▶ What is being asked
An exact transcription of the lines from the one holding "Iveco PowerStar Evolution" to the end of the entries below, and nothing more, is the required answer. Please omit the pictures.
Segment Open
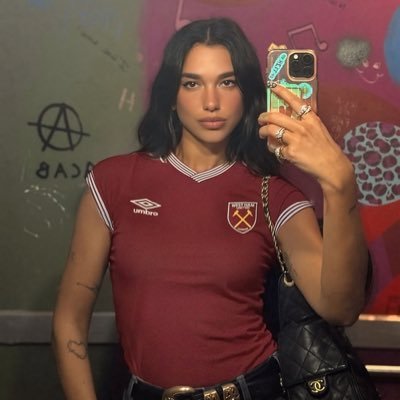 West Ham Fan COME ON YOU IRONS!⚒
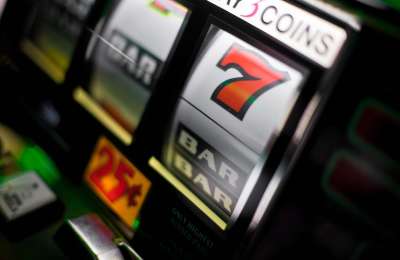 Bar owner in Tenerife steals 4,600 euros from fruit machines and reports a burglary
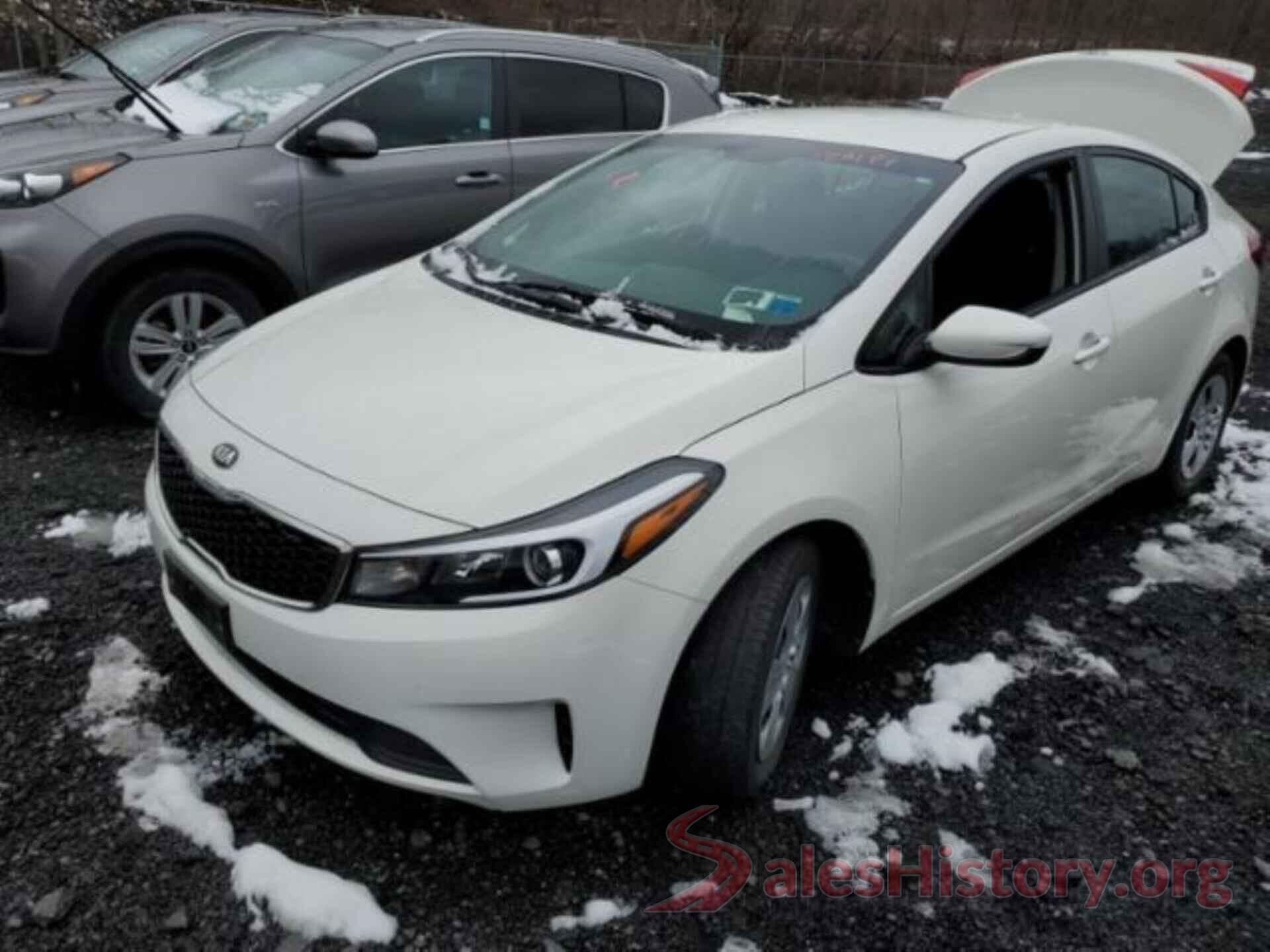 3KPFK4A73JE167579 2018 KIA FORTE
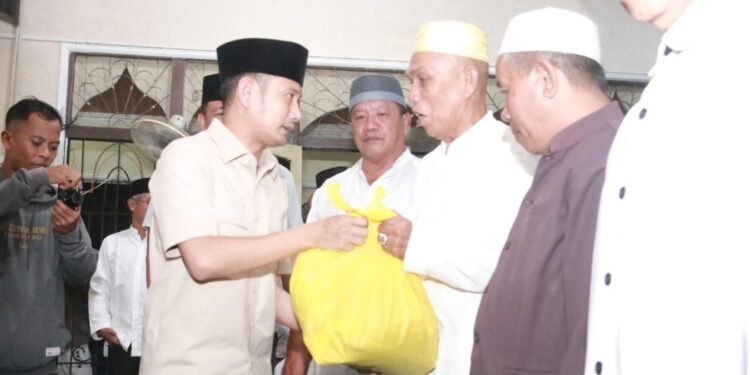 Wali Kota Palangka Raya, Fairid Naparin saat memberikan bantuan kepada korban banjir di Mendawai.
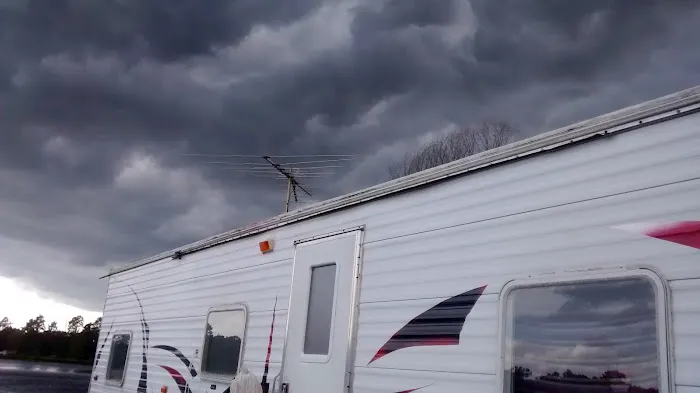 Lakeside RV Park Picture 6
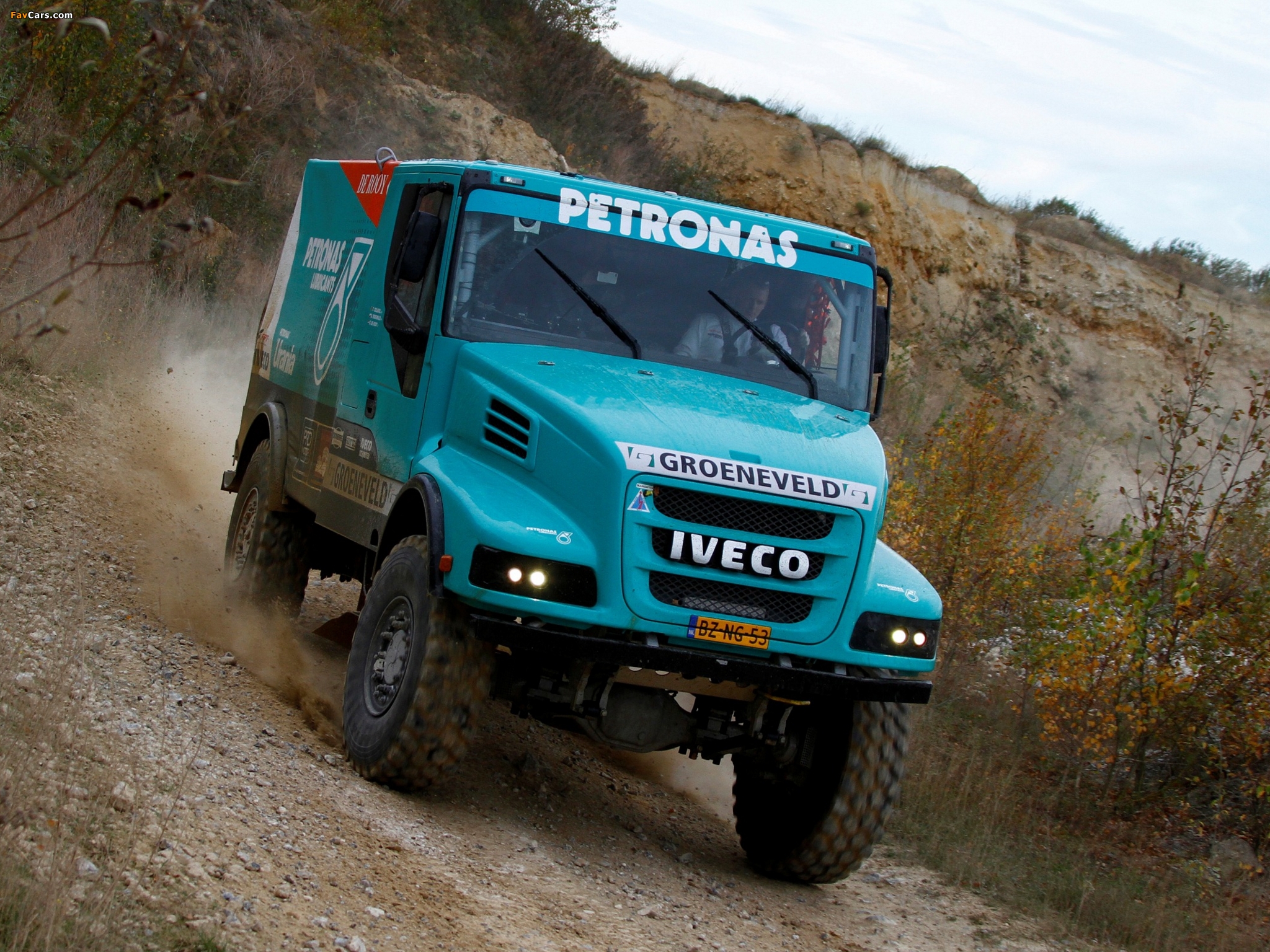 Iveco PowerStar Evolution 4x4 2012 pictures (2048 x 1536)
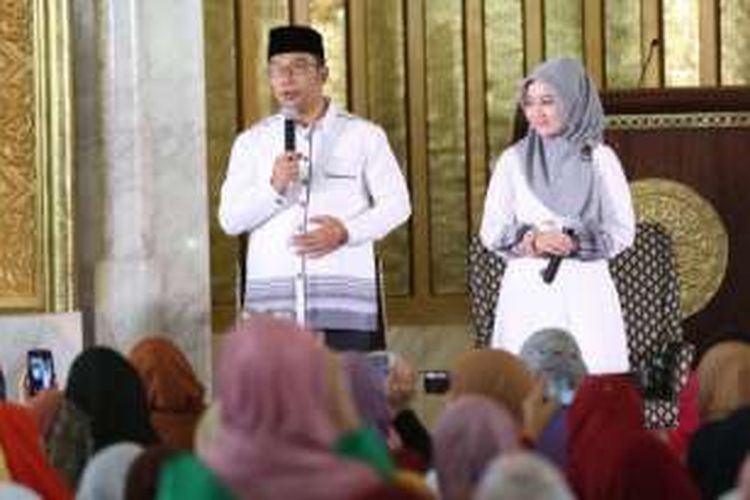 Wali Kota Bandung Ridwan Kamil bersama istrinya Atalia Praratya saat memberikan ceramah kepada masyarakat Kota Bandung di Masjid Agung Trans Studio Bandung, Minggu (19/6/2016)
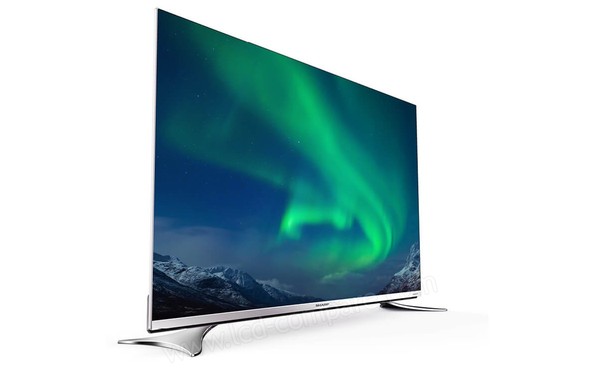 SHARP LC-43XUF8772ES - Vue 3/4 gauche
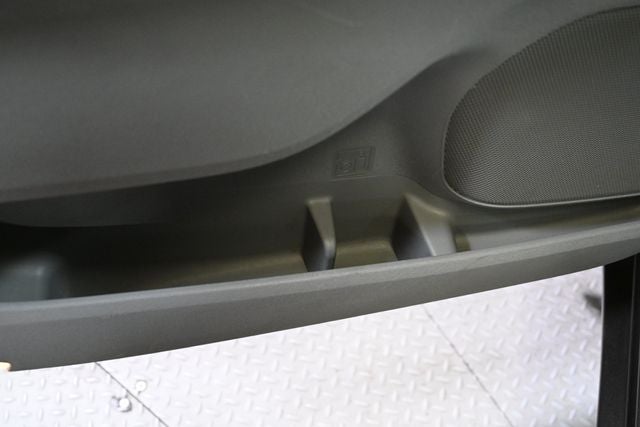2013 Toyota Sienna XLE 8 Passenger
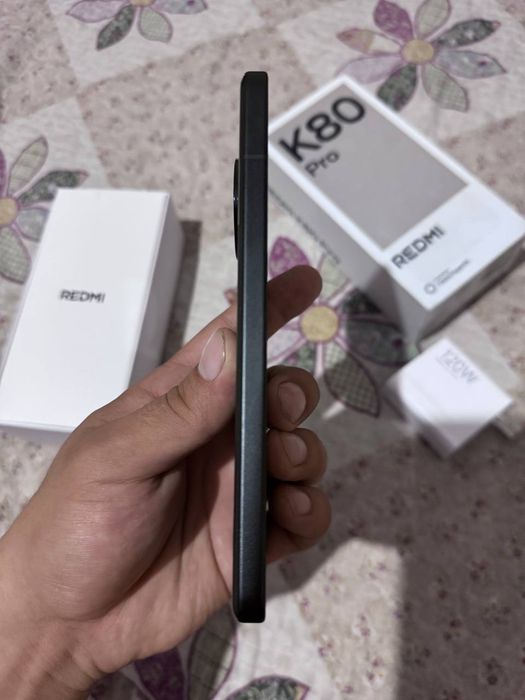 K80 pro ideal holatdagi
Imei oʻtgan
Hamma narsasi bor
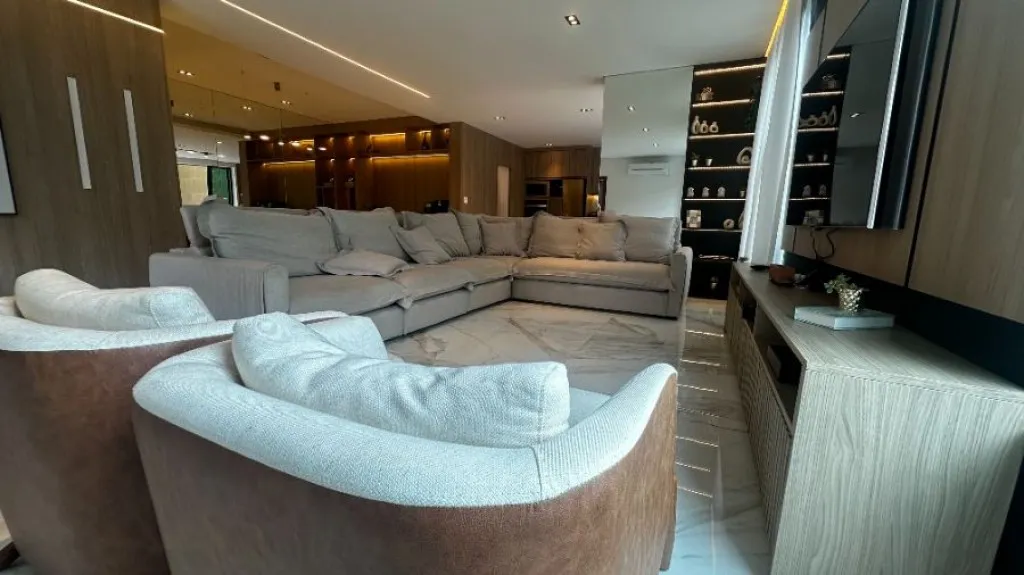 Imagem CASA COM 300,00 m² - CANTO DO FORTE - PRAIA GRANDE SP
Segment Closed
▶ Written solution
 Iveco PowerStar Evolution 4x4 2012 pictures (2048 x 1536)
 Wali Kota Bandung Ridwan Kamil bersama istrinya Atalia Praratya saat memberikan ceramah kepada masyarakat Kota Bandung di Masjid Agung Trans Studio Bandung, Minggu (19/6/2016)
 SHARP LC-43XUF8772ES - Vue 3/4 gauche
2013 Toyota Sienna XLE 8 Passenger
 K80 pro ideal holatdagi
Imei oʻtgan
Hamma narsasi bor
 Imagem CASA COM 300,00 m² - CANTO DO FORTE - PRAIA GRANDE SP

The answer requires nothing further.